During the reporting period, as a member of the audit committee, nomination committee and remuneration and assessment committee of the ninth board of directors, I actively participated in the decision-making process of major matters of the company, listened to opinions from many parties and put forward opinions with professional knowledge in accordance with the relevant requirements of the implementation rules of the special committee of the board of directors, so as to provide guarantee for the steady development of the company, Earnestly safeguard the interests of investors.

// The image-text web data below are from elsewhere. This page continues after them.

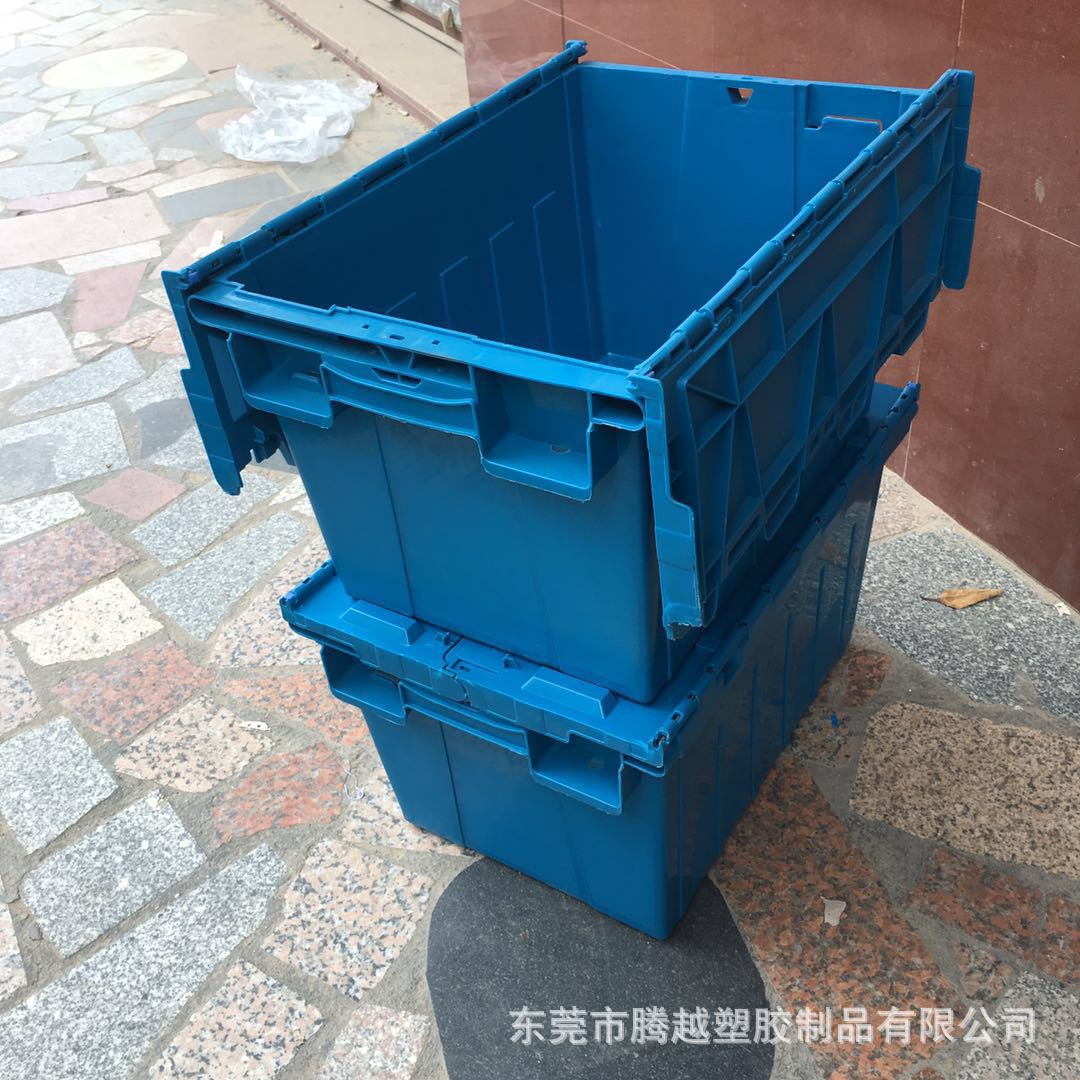供应现货塑料连盖物流塑料周转箱 可堆叠塑料胶框 带盖周转箱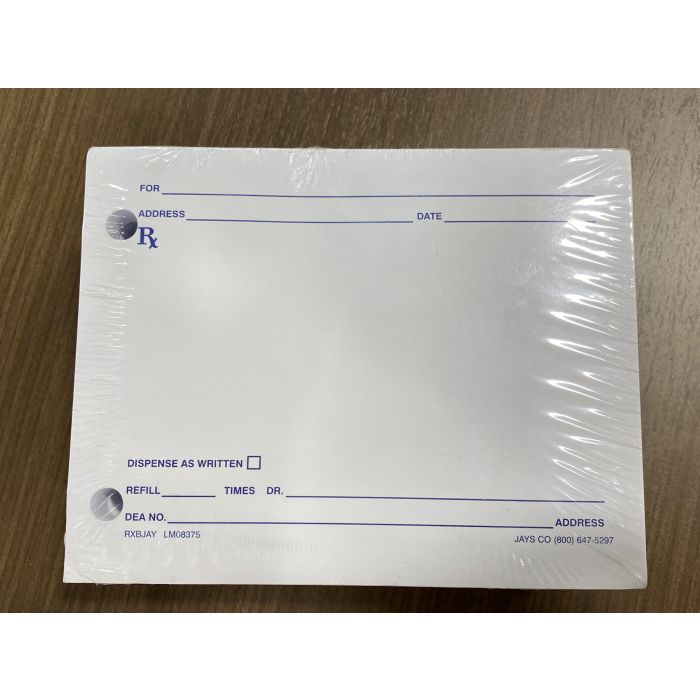 BLANK STOCK - RX PAD - WITH HOLES - LW1-2HOLE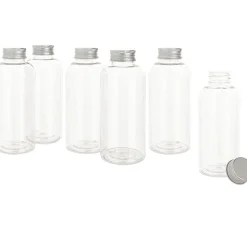 VBS Kunststoff-Flasche mit Schraubdeckel, 6 Stück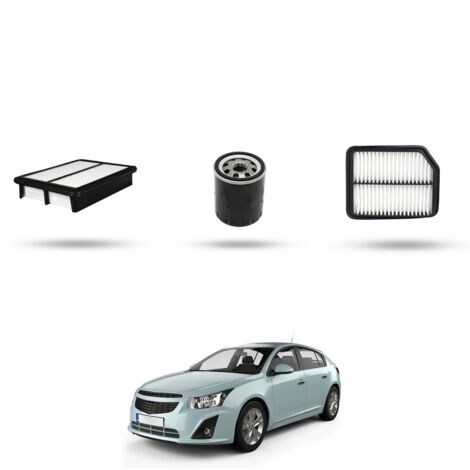 Kit tagliando 3 filtri compatibile con Chevrolet Aveo 1.2 62kw dal 2008 al 2012 (1/4)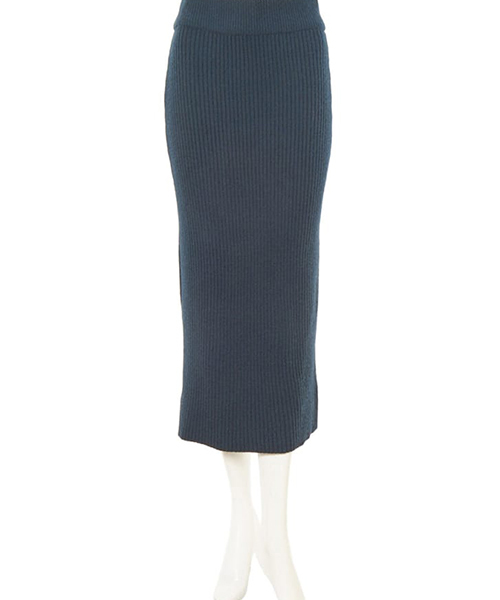 fifth（フィフス）の「ニットロングタイトスカート（スカート・レディース・ブラック/ブラウン/グレー/グリーン/アイボリー・MEDIUM）」の12枚目の写真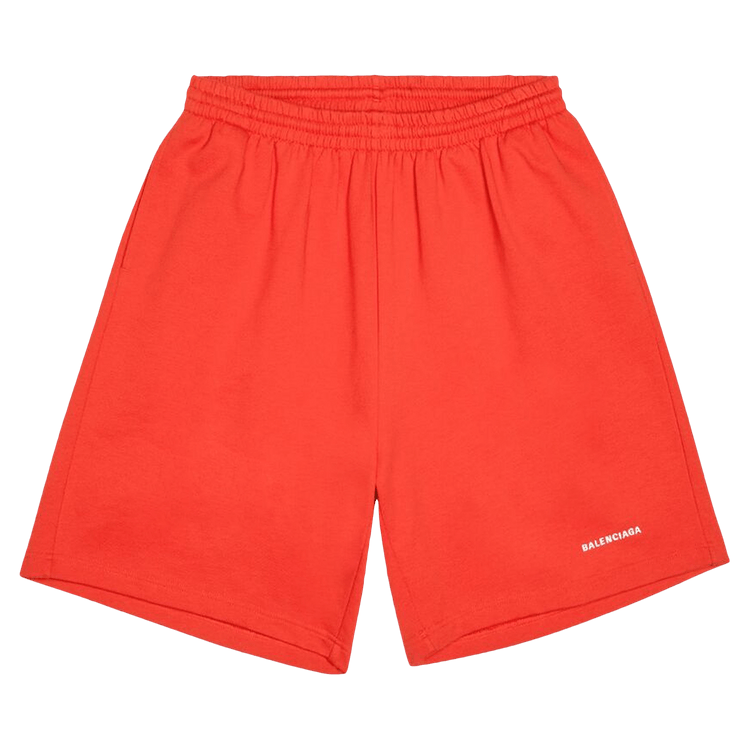 Balenciaga Sweatshorts "Bright Red/White"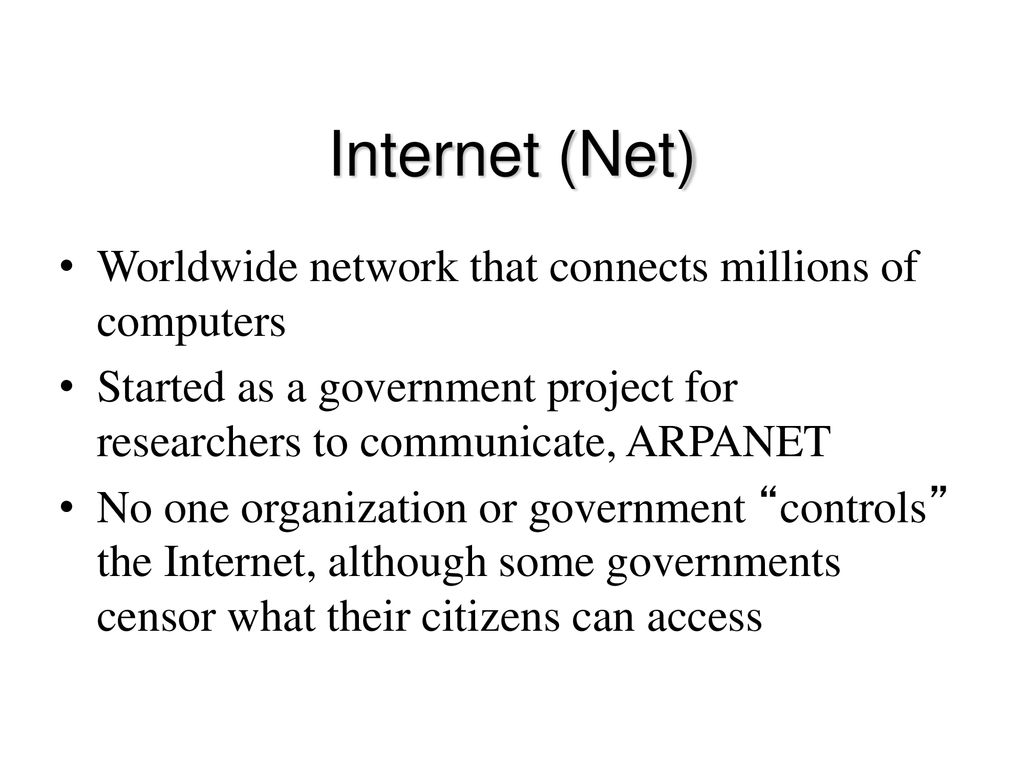 Electronic communication and the internet ppt download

4、 On site investigation of the company

In 2021, I took advantage of the opportunity to attend the meetings of the board of directors, the general meeting of shareholders and the special committee under the board of directors and other time to work on the site of the company. At the same time, I maintained close contact and communication with other directors, senior managers and relevant staff of the company by telephone, so as to understand the production and operation, financial status and The implementation of the internal control system and the resolutions of the board of directors and the general meeting of shareholders; At the same time, pay attention to the reports of the media and the Internet about the company, timely learn the decision-making and progress of the company’s major issues, always pay attention to the development trend and market changes of the company’s industry, and timely put forward suggestions on the company’s future development strategy and planning. Faithfully performed the duties of independent directors and safeguarded the legitimate rights and interests of the company and minority shareholders. 5、 Other matters

1. During the reporting period, there was no proposal to convene the board of directors;

2. During the reporting period, there was no proposal to hire or dismiss an accounting firm;

3. During the reporting period, there was no independent engagement of external audit institutions and consulting institutions.

In 2022, I will actively and deeply understand the operation of the company and provide more constructive suggestions for the development of the company with my professional knowledge and experience. We will continue to perform the duties of independent directors in accordance with the provisions and requirements of relevant laws and regulations based on the principles of good faith, diligence, prudence and loyalty. At the same time, keep good communication with the company’s directors, supervisors and senior managers, improve the scientificity of the decision-making of the company’s board of directors, and effectively safeguard the legitimate rights and interests of the company and all shareholders.

I would like to express my heartfelt thanks to the board of directors and management of the company for their active cooperation and support in the performance of their duties as independent directors.